# Help with Craftsman 100 table saw motor replacement



## neznein9 (Jan 29, 2017)

My dad picked up a Craftsman 100 table saw at a garage sale for me but the motor is missing. From a little bit of detective work I believe the saw came from the late 50s or early 60s; I suspect the motor is well out of production by now. I'd really like to get this thing up and running but I'm out of my depth trying to pick a reasonable replacement motor. I think I may also need some kind of mounting plate or bracket/adapter? I'd be grateful for any advice or more experienced suggestions.

Thanks!


----------



## woodnthings (Jan 24, 2009)

*I had the same saw*

The motors are not specific to that saw, any NEMA frame 56 motor will work. Ebay has motors and the mounts. The mount has 2 - 5" long 3/4" diameter shafts that slide into holes on the casting. To adjust the belt tension you slide the mount in or out.

http://www.ebay.com/sch/i.html?_fro....TRS0&_nkw=Craftsman+table+saw+motor&_sacat=0

This the correct motor and mount:









This is the motor mount:


----------



## Steve Neul (Sep 2, 2011)

I would take the opportunity to get a motor with a little more Hp than the original motor.
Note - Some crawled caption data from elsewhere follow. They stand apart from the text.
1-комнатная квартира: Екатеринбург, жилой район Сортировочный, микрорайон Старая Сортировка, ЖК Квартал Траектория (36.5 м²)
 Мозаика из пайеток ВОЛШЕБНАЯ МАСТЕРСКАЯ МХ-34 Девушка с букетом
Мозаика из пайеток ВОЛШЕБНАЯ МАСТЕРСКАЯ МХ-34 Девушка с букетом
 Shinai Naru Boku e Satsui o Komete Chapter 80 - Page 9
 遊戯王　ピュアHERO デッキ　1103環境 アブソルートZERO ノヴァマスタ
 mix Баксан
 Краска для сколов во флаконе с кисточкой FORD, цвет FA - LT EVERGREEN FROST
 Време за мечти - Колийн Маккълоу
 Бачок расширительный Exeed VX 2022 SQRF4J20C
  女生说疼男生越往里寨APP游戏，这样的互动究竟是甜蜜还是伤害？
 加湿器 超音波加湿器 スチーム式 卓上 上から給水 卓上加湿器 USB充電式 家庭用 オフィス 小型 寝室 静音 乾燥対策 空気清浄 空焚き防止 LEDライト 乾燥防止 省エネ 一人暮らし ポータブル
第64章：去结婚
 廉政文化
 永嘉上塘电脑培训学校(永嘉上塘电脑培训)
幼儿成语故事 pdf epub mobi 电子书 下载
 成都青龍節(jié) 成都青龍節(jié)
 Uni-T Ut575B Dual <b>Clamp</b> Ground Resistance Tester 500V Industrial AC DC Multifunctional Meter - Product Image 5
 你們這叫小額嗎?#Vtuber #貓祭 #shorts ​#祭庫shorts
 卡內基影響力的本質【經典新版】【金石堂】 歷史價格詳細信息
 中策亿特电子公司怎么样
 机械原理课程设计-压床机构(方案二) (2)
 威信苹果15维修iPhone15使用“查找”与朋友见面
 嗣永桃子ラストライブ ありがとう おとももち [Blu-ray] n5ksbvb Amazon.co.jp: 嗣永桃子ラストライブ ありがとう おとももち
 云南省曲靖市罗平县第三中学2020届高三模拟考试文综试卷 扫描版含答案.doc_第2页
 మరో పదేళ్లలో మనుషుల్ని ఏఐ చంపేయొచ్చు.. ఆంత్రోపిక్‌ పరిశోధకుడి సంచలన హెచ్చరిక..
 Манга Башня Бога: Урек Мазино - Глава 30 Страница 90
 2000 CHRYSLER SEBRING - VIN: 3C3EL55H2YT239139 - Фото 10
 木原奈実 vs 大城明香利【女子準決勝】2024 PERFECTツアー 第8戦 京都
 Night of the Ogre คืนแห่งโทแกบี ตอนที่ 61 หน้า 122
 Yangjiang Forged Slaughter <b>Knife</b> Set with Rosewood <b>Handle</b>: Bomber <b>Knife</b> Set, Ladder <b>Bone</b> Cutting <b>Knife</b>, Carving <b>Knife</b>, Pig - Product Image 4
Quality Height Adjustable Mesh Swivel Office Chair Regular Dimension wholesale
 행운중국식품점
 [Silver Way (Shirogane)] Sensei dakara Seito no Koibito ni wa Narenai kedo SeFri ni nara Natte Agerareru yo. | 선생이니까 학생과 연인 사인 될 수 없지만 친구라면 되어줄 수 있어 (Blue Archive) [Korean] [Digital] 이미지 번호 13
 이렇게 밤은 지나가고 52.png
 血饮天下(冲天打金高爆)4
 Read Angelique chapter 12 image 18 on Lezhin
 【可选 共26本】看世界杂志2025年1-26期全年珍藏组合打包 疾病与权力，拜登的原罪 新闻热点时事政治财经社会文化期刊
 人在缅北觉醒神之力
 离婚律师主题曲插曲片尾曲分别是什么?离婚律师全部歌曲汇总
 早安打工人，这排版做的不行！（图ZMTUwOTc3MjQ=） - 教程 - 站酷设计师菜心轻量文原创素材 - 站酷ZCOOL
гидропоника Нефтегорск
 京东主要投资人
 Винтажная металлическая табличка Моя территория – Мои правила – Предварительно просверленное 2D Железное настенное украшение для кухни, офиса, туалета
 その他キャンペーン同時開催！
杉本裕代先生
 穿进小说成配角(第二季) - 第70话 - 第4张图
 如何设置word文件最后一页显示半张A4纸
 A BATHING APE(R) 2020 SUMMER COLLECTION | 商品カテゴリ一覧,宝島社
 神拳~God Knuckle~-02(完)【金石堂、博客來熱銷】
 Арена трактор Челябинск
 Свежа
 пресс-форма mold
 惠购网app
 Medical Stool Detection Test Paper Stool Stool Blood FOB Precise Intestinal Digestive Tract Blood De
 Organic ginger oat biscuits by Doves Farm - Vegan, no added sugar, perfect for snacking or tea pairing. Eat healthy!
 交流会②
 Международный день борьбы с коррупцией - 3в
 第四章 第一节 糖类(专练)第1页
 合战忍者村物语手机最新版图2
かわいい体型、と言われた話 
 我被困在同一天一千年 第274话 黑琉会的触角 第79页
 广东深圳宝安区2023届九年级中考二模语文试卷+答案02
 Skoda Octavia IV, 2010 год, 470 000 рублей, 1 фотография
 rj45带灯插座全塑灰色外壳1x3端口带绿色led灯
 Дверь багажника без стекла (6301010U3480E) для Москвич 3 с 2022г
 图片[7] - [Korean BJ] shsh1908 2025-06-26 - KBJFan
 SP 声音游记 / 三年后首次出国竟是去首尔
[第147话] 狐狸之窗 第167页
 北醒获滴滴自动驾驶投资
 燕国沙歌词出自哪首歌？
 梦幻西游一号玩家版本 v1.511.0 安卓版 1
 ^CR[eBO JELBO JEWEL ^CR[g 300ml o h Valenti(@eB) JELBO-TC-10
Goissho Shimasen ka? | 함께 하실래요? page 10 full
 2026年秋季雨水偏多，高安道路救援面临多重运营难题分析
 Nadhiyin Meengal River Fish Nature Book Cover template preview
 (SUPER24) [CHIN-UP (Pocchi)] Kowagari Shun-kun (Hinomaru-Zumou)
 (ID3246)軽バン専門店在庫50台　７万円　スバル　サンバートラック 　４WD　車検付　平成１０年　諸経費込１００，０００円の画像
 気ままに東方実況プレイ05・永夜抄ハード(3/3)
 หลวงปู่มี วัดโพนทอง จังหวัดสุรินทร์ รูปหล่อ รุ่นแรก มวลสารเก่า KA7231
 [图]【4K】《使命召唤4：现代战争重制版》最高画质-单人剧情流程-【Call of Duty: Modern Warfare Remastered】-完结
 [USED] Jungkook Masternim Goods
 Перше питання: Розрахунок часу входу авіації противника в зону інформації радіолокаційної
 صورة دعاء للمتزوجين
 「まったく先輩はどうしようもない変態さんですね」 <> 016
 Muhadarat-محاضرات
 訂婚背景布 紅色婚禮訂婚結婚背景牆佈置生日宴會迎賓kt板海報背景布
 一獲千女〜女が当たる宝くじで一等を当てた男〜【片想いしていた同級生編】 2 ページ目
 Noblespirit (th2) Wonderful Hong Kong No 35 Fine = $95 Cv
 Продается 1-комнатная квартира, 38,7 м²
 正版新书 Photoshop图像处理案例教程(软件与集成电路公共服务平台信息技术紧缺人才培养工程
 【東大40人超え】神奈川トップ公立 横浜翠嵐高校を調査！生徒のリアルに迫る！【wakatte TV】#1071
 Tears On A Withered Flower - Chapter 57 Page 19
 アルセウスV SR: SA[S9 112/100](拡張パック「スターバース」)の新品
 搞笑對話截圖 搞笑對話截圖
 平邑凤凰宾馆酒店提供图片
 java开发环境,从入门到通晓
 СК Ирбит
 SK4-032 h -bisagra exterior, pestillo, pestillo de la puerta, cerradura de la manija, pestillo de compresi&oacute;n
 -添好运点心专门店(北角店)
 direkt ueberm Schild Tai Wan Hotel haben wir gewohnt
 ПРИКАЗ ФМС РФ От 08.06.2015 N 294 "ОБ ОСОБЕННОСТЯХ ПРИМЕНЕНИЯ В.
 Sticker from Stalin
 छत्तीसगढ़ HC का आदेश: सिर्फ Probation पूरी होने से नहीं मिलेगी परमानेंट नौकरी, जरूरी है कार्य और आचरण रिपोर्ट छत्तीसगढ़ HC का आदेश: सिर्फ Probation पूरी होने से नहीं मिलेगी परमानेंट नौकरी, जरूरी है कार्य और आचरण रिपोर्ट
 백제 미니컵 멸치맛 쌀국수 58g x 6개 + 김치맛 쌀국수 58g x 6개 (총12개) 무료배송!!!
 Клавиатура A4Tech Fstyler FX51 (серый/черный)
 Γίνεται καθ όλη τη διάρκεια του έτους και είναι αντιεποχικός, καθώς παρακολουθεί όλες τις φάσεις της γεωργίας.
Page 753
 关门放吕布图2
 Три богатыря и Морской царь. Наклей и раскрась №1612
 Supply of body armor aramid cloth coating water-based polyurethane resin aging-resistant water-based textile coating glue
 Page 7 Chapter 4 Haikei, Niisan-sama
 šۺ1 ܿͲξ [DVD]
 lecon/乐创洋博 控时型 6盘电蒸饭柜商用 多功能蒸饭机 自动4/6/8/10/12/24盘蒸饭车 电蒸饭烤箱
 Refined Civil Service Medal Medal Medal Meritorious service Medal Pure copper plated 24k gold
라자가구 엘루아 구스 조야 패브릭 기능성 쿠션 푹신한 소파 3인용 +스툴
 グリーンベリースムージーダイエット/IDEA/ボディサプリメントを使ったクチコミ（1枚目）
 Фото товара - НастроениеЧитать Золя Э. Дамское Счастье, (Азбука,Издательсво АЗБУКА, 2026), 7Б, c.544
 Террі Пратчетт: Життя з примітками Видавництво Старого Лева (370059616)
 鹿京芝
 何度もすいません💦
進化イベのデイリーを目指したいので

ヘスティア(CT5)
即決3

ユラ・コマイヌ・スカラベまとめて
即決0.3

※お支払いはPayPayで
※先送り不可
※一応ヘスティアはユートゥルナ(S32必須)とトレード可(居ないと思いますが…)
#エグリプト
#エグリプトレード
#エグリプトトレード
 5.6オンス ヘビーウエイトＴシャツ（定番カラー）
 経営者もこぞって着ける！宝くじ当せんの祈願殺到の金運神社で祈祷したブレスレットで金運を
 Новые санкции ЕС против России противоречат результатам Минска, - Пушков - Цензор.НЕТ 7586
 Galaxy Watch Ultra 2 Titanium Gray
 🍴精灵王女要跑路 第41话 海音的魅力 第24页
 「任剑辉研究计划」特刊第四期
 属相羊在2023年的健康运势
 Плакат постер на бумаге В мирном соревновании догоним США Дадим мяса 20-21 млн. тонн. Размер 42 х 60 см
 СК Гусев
It would make the saw better than it ever was.


----------



## subroc (Jan 3, 2015)

My starting point would be to try and find a running '100' saw on Craigslist. They pop up frequently enough priced anywhere from free to a couple hundred bucks.

Here is a link to look at many restored saws. Saws listed as '100' are 113.29991 and 113.29992.

link


----------



## neznein9 (Jan 29, 2017)

Thanks guys! That was exactly the info I needed. I'm going to order a mount and motor this week and we'll see how it goes.


----------



## neznein9 (Jan 29, 2017)

I got a motor in last week and I was able to mount it and get things hooked up without any trouble! The saw has some vibration in it though so I've been reading up on how to align the belt drive and I discovered that the belt I've got has some permanent bends stretched into it.

When I move the belt by hand it has resistance and then it hits a 'tipping' point where the resistance gives out and the whole thing spins freely until it gets back around to the hump again. It's not a huge effect but it is noticeable and I suspect that is where a lot of the vibration is coming from when the motor is running. Does that sound like a common thing or should I pick up a new belt?

Also how much tension should be on the belt? I read in one place that the belt should be tight, with only a 1/4" give in the center, and another guy said he left his mount loose and just let the weight of the hold the belt in tension.


----------



## Steve Neul (Sep 2, 2011)

I don't think I've ever had a belt which the shape from being in a package caused vibration. You might take a closer look at the pulley's and make sure they aren't bent. It can also cause some vibration if the pulley's are not completely parallel and inline with each other. 

The tension of the belt should be as tight as you can make it without breaking something. Any looseness and the belt can slip reducing the power of the saw.


----------



## woodnthings (Jan 24, 2009)

*My first table saw was a Craftsman 100, circa 1960's*

I used it for about 40+ years and finally parted it out. The motor mount is a hinged affair, where the weight of the motor keeps the belt under tension. It is NOT a "tight as you can make it" arrangement like some other saws. Yes, a belt with a"set" in it will cause vibrations as the set goes over both sets of pulleys and especially because they are only 2" or so in diameter. You should get a new belt regardless, since it's a pretty cheap improvement. 

Some folks here love the segmented belts to reduce vibration, but I've never tried one. If I recall the length on that belt is 42". maybe 43". You do NOT want to tighten the motor assembly in place because it changes slightly as you raise and lower the blade.. It needs to move. There is a friction washer on the motor mount that's adjustable . Just make it loose enough so it can rise and fall without hanging up. :smile3:


----------



## johnnytcomo (Mar 17, 2017)

This is funny - I actually ended up with the EXACT motor that you have a picture of here according to the paint spots on it (I just posted the videos of me testing that motor today). I bought it off ebay about a week ago LOL!


----------